We get endless “bread and circuses…” tales of gladiatorial courage and high-profile bloodshed and drama (or, I should say especially “trauma”) of the domestic violence with spell-binding (anonymized, often) story lines, punctuated by the usual “this program needs better oversight” headlines…. Shakespeare might’ve been impressed…

So, in that August 29, 2019, post I said, “Look, there were builders, for FIRST look for the blueprints, THEN figure out what went astray from them before ramming through expensive, or rights-compromising, power-consolidating, extra administrative bureaucracy-creating “fixes.”

And I challenged the assumption that family courts had ever expressed ANY duty to protect children as a guiding principle or reason for their origination.  Think about it, for once (!!):  If that WAS the purpose, then what were child welfare (dependency) courts and hearings for?  If the family courts now have that job, then is the general idea to make EVERY divorce or child custody/visitation dispute a potential substitute place to rule on issues involving crimes such as child abuse (and domestic violence) and suggest treatments and referrals rather than punishments with sentencing guidelines and for already identified crimes)?  And if that’s NOT the idea, then what IS the main idea/driving ideology behind family courts — and how legitimate was that idea in the first place?

For some states, I’d already found and blogged this (Maryland, Kentucky, and progressive California court consolidation under the California Judicial Council in more detail); but this time I found on-line summarizing the history of family court establishment nationwide as part of a 1997 state-level, DHS/Supreme-Court Commissioned feasibility study for Ohio themed: “Should we start them here too?  Well, let’s ask the nonprofits who’ve been sponsoring this in other states….”  That find is mostly what this post deals with, and it can only address parts of it within just one post.

There are other filings where this was found.  Not within the scope of this post, though.  Just look under the main domain name for more.

Ohio Family Court Feasibility Study (1997) (pdf is 129pp), for my 14Sept2019 post Builders and their Blueprints: Who, Really, Designed the Family Courts, (link ends ‘aI6″), upcoming.

As you can see (click through), no cover page is attached to this document.  It just starts out with “Chapter 1: History of the Family Court Movement and Literature Review: Background.

It’s 129 pages long, with as you see in the image, an informal header (compare to how a law  or other academic journal might do this:  publication, date, title would be on every header or footer.  So while the URL makes it clear the source IS at the supreme court, authorship and publisher is not shown on every page, making it despite length, who it’s for, and all the footnotes, somewhat informal.)


How this fits into my 2019 blogging theme:

Most years as a blogger I have a certain overall theme or basic research question which often has been bugging me for a long time but which I just decide to get answered that year.  The questions usually have some major ramifications depending on how they’re answered, which the motto “Suppose I’m Right Here — What Would You Do?” as part of the blog motto indicates.

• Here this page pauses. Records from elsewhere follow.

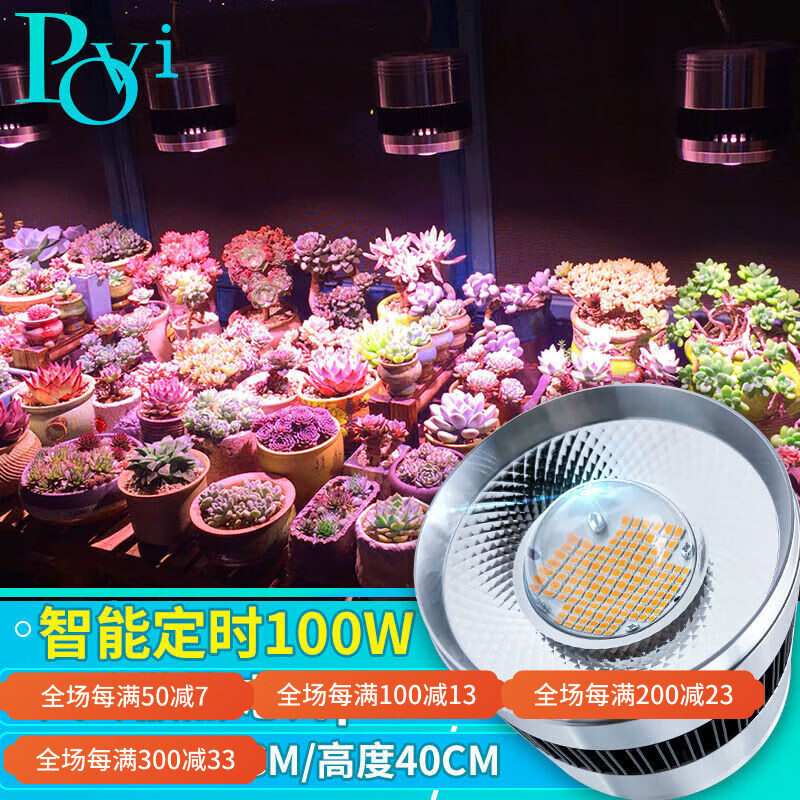珀譽多肉補光燈上色全光譜led家用室內(nèi)花卉防徒植物仿太陽生長燈 智能定時筒燈plus100W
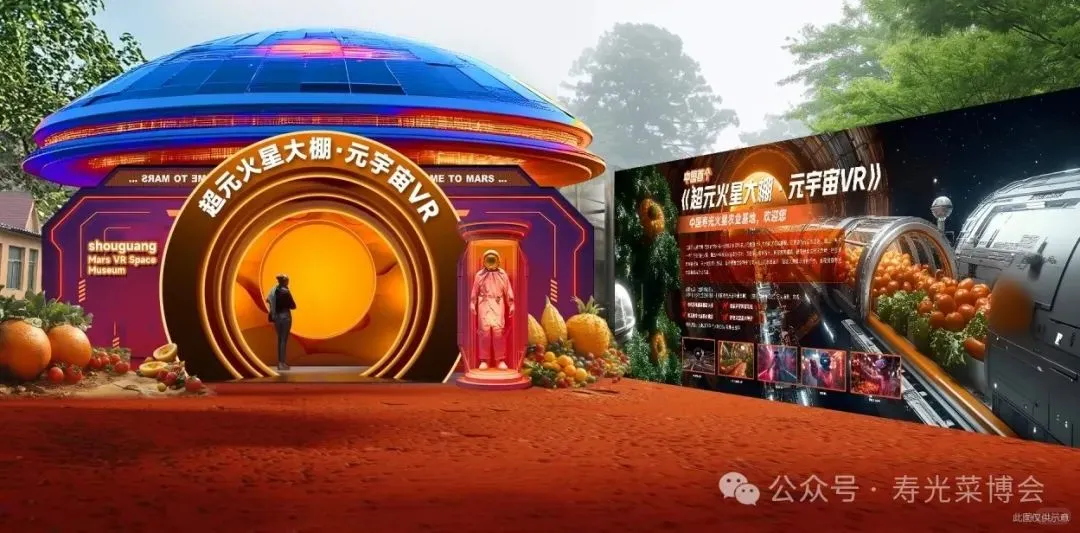 惊！寿光菜博会竟把火星农场搬来了！！?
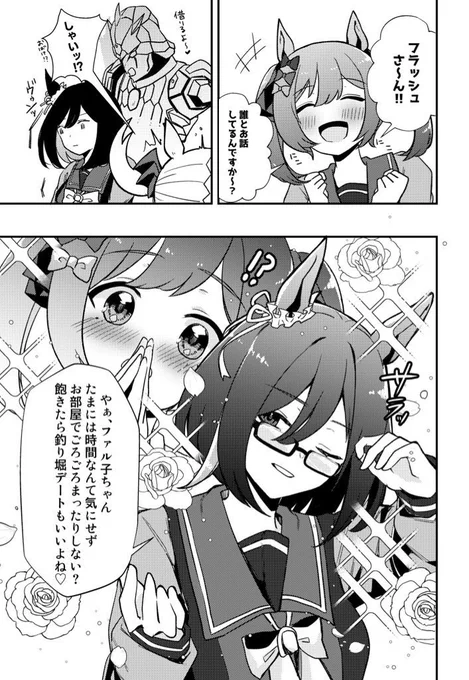 ときめきファル子ちゃ 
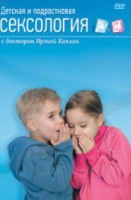 DVD "Детская и подростковая сексология" - «globural.ru» - Нижняя Тура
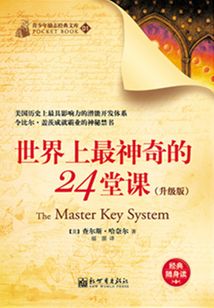 世界上最神奇的24堂課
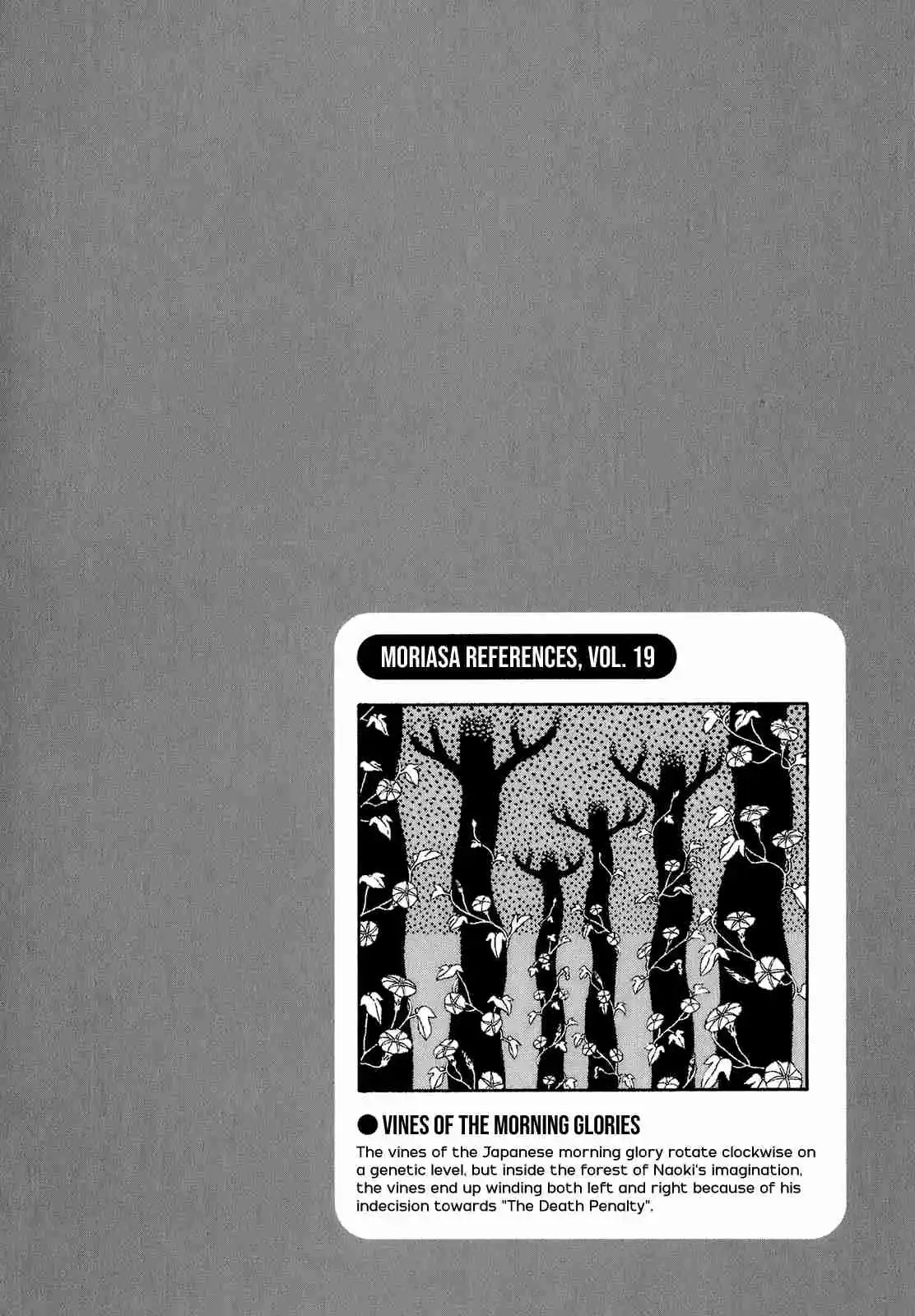 Mori no Asagao - Shinjin Keimukan to Aru Shikeishuu no Monogatari 67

My over-arching research theme this year, 2019, was whether, if you removed a certain mysteriously absent in some circles (contexts, discussions, publications) and present in others (other context, discussions, publications) USA-based multidisciplinary (including judges), international, family-conflict-resolution-themed, and mysteriously mobile** nonprofit from the equation, we’d ever even have had family courts to start with in this country.

(** i.e., when caught not filing in one state, it crops up in another state — legally, and re-opens a chapter back in the home state, or shuts the chapter down if it draws too much negative press). Several people have noticed and commented and even blogged or published (SOME) on it over the decades, but they are oh-so-hard-to-hear over those lining the streets and lining up to cheer “The Emperor’s New Clothes” for the next brand of family court reform brought from, essentially, the same sources.  The Emperor’s tailors as it so happens.

I have a strong hunch, and partial (more than hunch) awareness, but I believe if proved could upend current family court reform and, possibly, clear the air enough that actual solutions to stopping the roadkill and outrageous violation of due process in the courts. I have no question that the current efforts are not in good faith in that they entail censorship of shared knowledge from the general public which, if known, would upend the policy-setting now in place.

On seeing that “Ohio Family Court Feasibility Study (1997)” (<~the same link), I knew it had to be handled in its own post. This post I first drafted around August 19, set aside for a bit, and I am returning to it right after September 11.

This next image (annotated quote from the study) mentions three nonprofits and how many states were “operating or seriously considering [establishing] family courts” as surprisingly low. It also mentions by name three among “a number of national organizations** who were, in 1997 supported moving [moving whom or what, the document describes] towards family courts.

** I have three comments (all in smaller font, as insets) on this one image, below it.  The longest of those is the one which sunk in last (as the other was more obvious).  The falsehood by using the word  label “national organization.”  The other two comment on the three organizations named, and on the wording which is itself a little evasive as to actual number of the very thing they are reporting on!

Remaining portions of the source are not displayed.